With fraying certainty did Linda handle the folds of her origami original. Where before had been pristine squares of folding paper there was now a complete failure on the part of paper. The squares had had a gloss and that gloss had met its foil in Linda’s troubled folds. Linda tut-tutted herself and variously rattled at her desk. First, two hands to one of the four legs. Then, two good grips on either edge of the desktop, widthwise. Lastly, a pair of arms under the center drawer, and a kick at the side-cabinet, for good measure. The latest paper square, set squarely on the rubber mat, could hardly be expected to shrug its shoulders. These glossy paper squares battled a good deal of battle. Proper soldiers.

Paper could be as flint in the hands of the capable; Linda, neutralized, felt like a neophyte facing an ondes Martenot.

  Nature of fold, the first: Dirty your linens; they are no help to you.[Diagram 1]

It’s a question warrants contemplation—to consider, when the world is watching, whether spraying cleaning solution on sheets, your Windex, your Shout, indiscriminately, would serve to “dirty” them.

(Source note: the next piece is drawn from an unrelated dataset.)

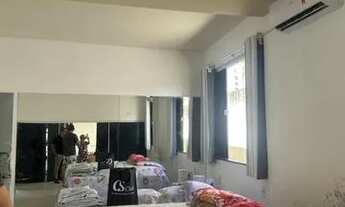 Imagem 4: QUINTAS DO SOL 2 - CONDOMÍNIO FECHADO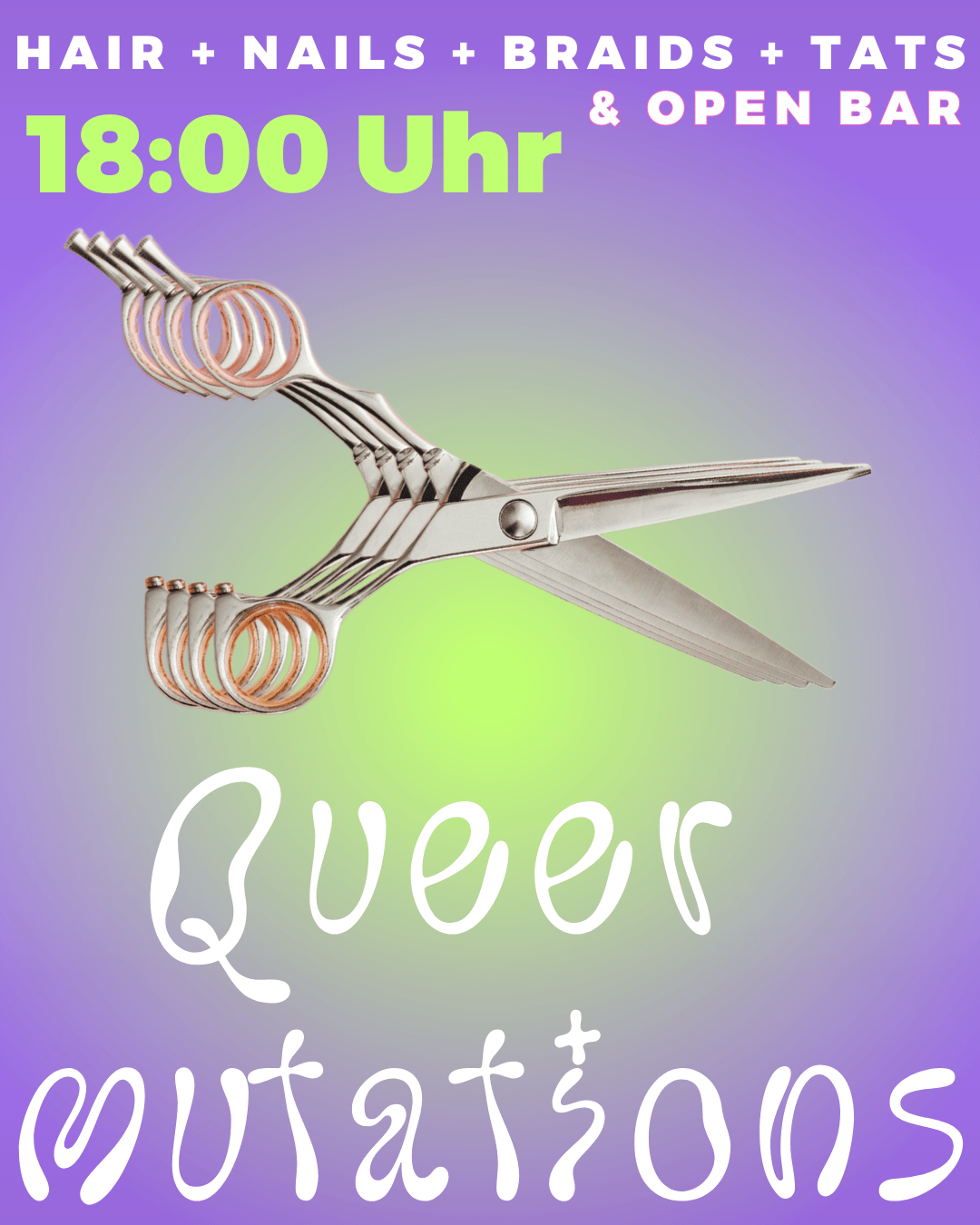 2026 queer mutations website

Firing inky thumbtacks and dashing matchheads, freshly snuffed—as Linda enacted in her mind—would certainly perform. But shit-flinging is just slander. Linda, above all that. Nothing to earn from it.

Linda recalled the third grade. She recalled sixth grade. Ninth. Naturally, twelfth. Why this arithmetic felicity to her recollections of shit-flinging and fracas?

Regardless. Would be a mystery to anyone how a paper square could wind up resembling a shattered mirror. Here it lay for the skeptic to behold and to handle to her inquiring heart’s content. Linda’s fingers, which would have bled, skeptically handling literal shards, here bled profusely for how figuratively.

  Nature of fold, the second: Be a dear and carry the chairs backstage: we are at the conclusion of your fifth-grade spring recital. You’ll be on your way to middle school now.      [Diagram 2]

Linda read and paled. Linda dropped down to the floor from her swivel chair. On hitting the ground, she reached up with a shaky pair of hands to retrieve the paper square, bringing it down to ground level. The laminate pad under and around her desk was visible beaten. The laminate, dented this way, reminded Linda of those teeth marks, so prominent, on every pencil she’d owned since third-grade and onward, once losing teeth had given way to growing teeth (yet never in so orderly a progression.)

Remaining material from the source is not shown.